First let's start with the "sweet-smells".

This means that the oil have gone through the combustion process along with the engine's fuel (gasoline or diesels too!). It is about the same smell you get whiffing the exhaust on a 2-cycle engine with gas-oil premix.

Places where this CAN happen:

1) Cylinder walls ie; piston rings, worn or broken.
2) PCV system where the oil is sucked into the manifold under vacuum and is entrained into the combustion chamber in the normal air-flow to the engine for combustion.
3) Intake runner-to-head surface gasket(s) where the intake can actually **** oil from the cam tray area or the inner valley between the heads and the intake manifold.
4) Occasionally from changing spark plugs in "well" type plug chambers that let the plug get very close to the head through the head casting. Taking a plug out and letting the collected oil fall into the cylinder is usually a temporary situation, but can scare you when it happens.
5) Cracked head or blown head gasket: this usually has to happen where the head has a high pressure passageway for the oil to travel through the head to get to a cam tower on top of the head.
6) Now - here's something that's gonna get debated, fer sure! ONLY the intake valves can leak past their stem seals and allow oil to travel down the stem onto the combustion process. Remember that I am speaking or "sweet" oil smell here.

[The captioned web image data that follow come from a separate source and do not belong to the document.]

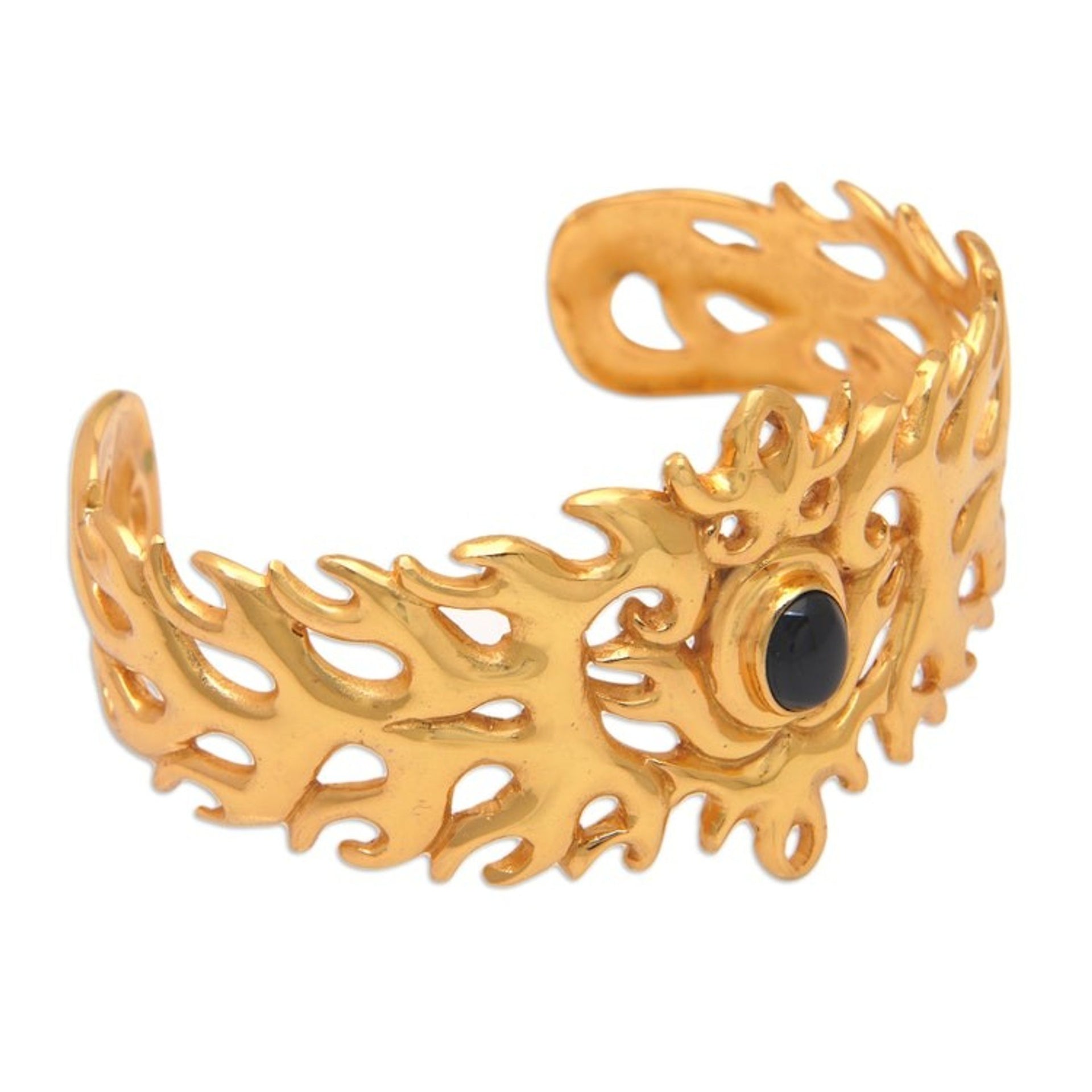 Traditional 22k Gold-Plated Cuff Bracelet with Onyx Cabochon 'Flaming Mysticism'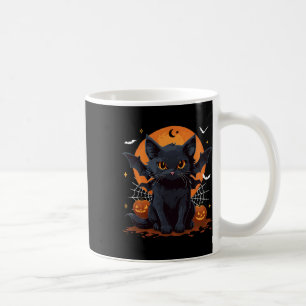 Caneca De Café Gato Negro Bonito Com Asas Morcegos Abóbora Mulher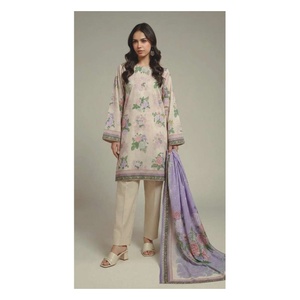 Ssumaira Presenta la Colección de Cambric Listo para Usar: Camisa Tradicional para Mujer con Bordados y Sin Arrugas, Dupatta Teñida - Product Image 2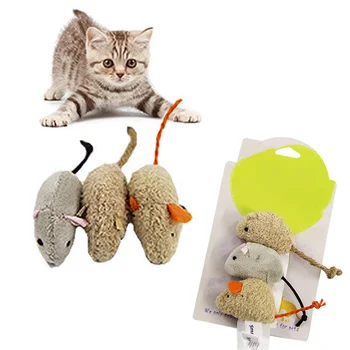 

Interactive Chewing Toys Funny Random Color Cat Toy Simulation Mouse Cute Rat Pet Supplies 3Pcs Plush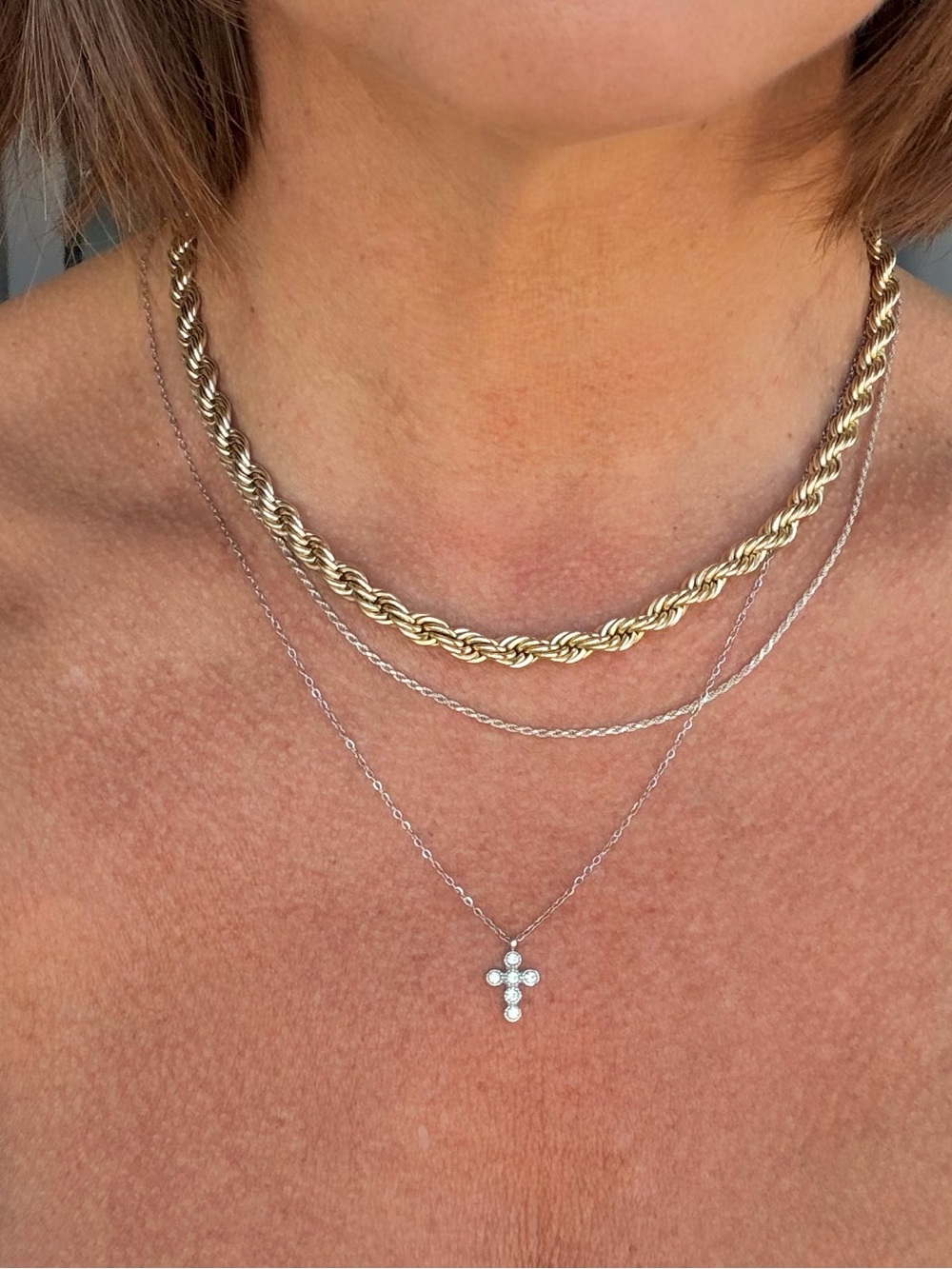 EP Gold Rope Chain Necklace - Women's Twisted Link Jewelry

Now some of the "not sweet" or bitter oil smell:

1) Exhaust guides or stem seals on the EXHAUST valves ONLY can cause a very acrid smell of nasty, eye watering and cough-inducing stink.
2) CVCC or pre-combustion chambers can also cause this problem. The Honda CVCC engines were notorious for this! The auxiliary valve can leak oil into the pre-chamber and then it opens the valve and dumps the burning mess into the main cylinder head area and the results are a bad BAD stink and lots of white/blue smoke.
3) RARELY...very rarely the exhaust port AFTER the exhaust valve seat can become perforated and allow oil to get into the exhaust stream. It does NOT burn here - rather it just cooks-off with a very bad smell.

So-o-o-o

Acrid oil smell
- the oil has NOT gone through the combustion process in the cylinder head but is rather "cooked" into a stinky odor. It may or may not smoke too much too.

Sweet oil-burning smell - oil that has been burned as part of the combustion process in the combustion chamber on one or more or even all cylinders.